Brief:
Among the lines below, output only those between the line holding "Womens My Blood Type is Wine Ladies' T-shirt" and the line holding "Sunoire cowboy boots", inclusive, exactly as written and with no pictures.

Records for processing:
------------------------------
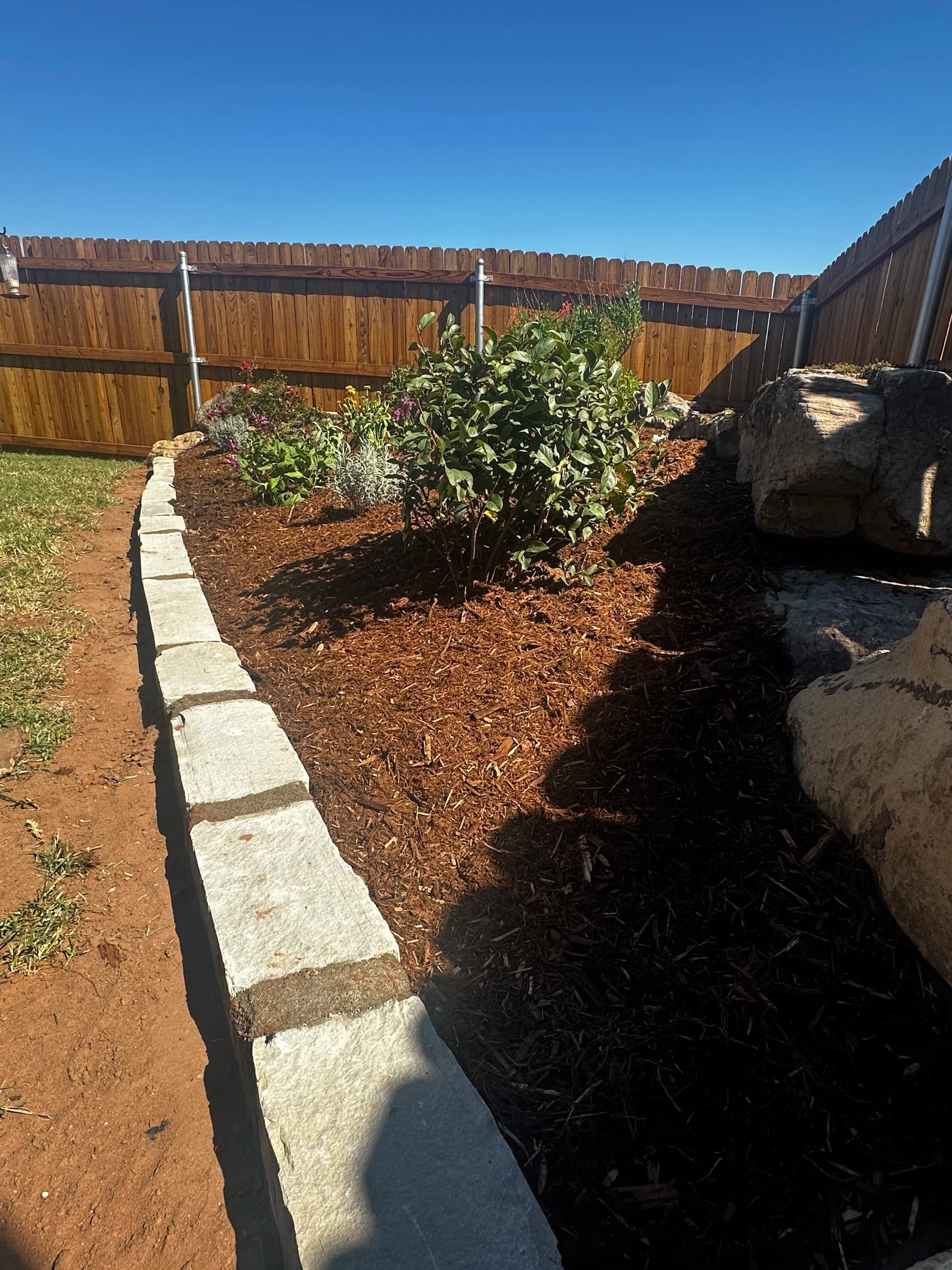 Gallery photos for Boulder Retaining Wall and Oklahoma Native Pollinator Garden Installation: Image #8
------------------------------
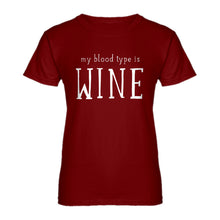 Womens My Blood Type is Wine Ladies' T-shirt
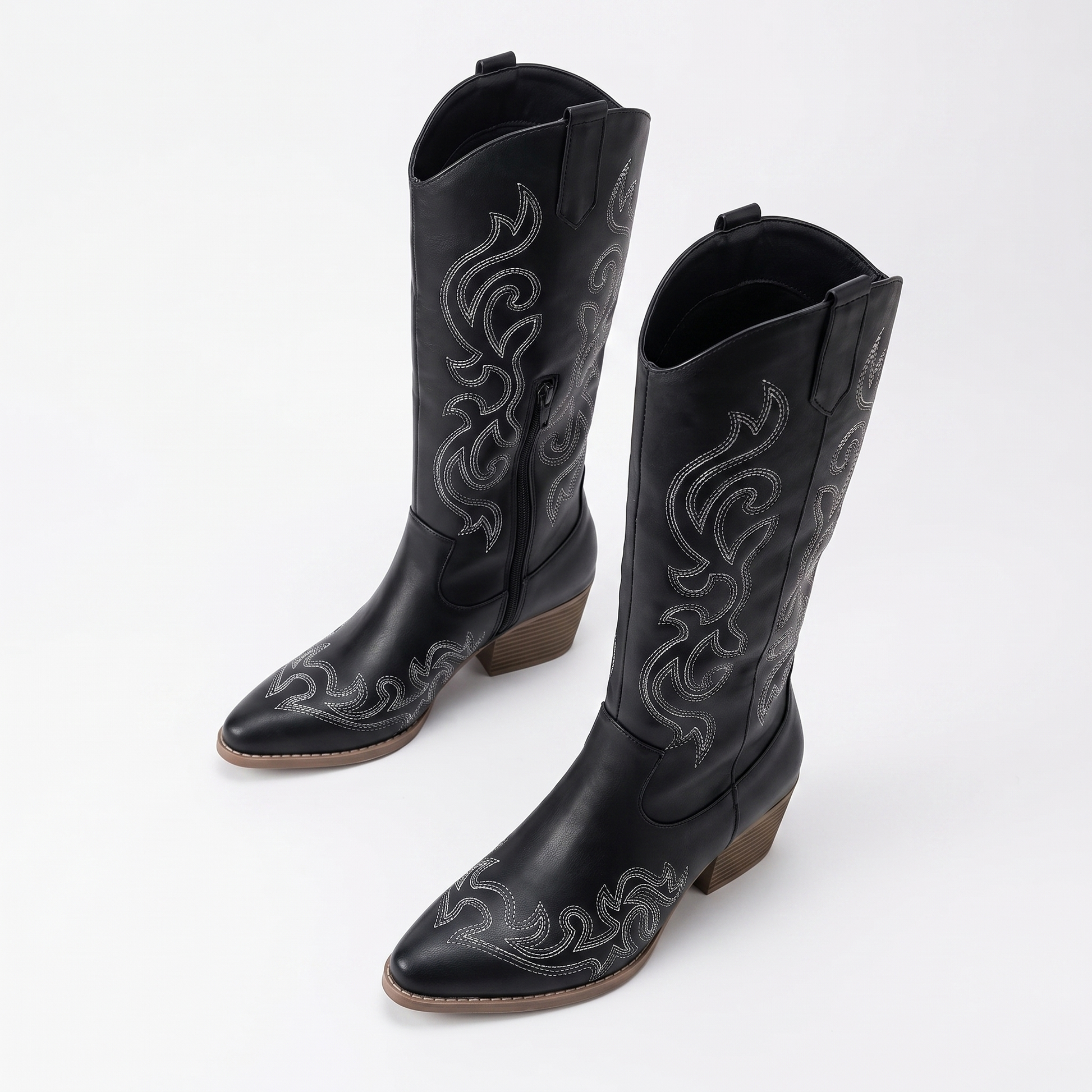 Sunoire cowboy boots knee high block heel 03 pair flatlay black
------------------------------
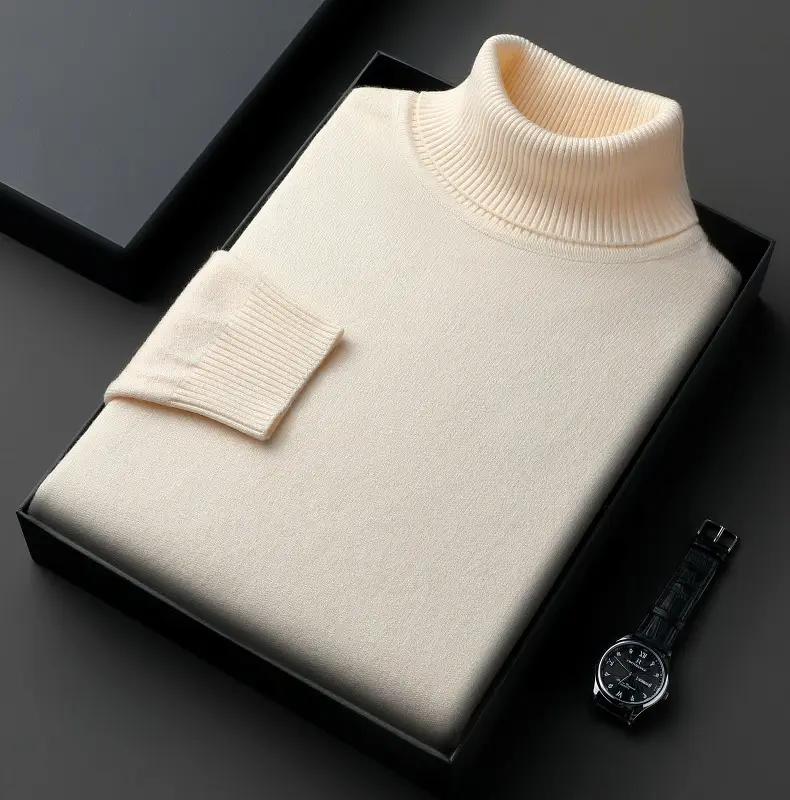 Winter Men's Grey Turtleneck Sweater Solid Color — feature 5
------------------------------
Exercise result:
 Womens My Blood Type is Wine Ladies' T-shirt
 Sunoire cowboy boots knee high block heel 03 pair flatlay black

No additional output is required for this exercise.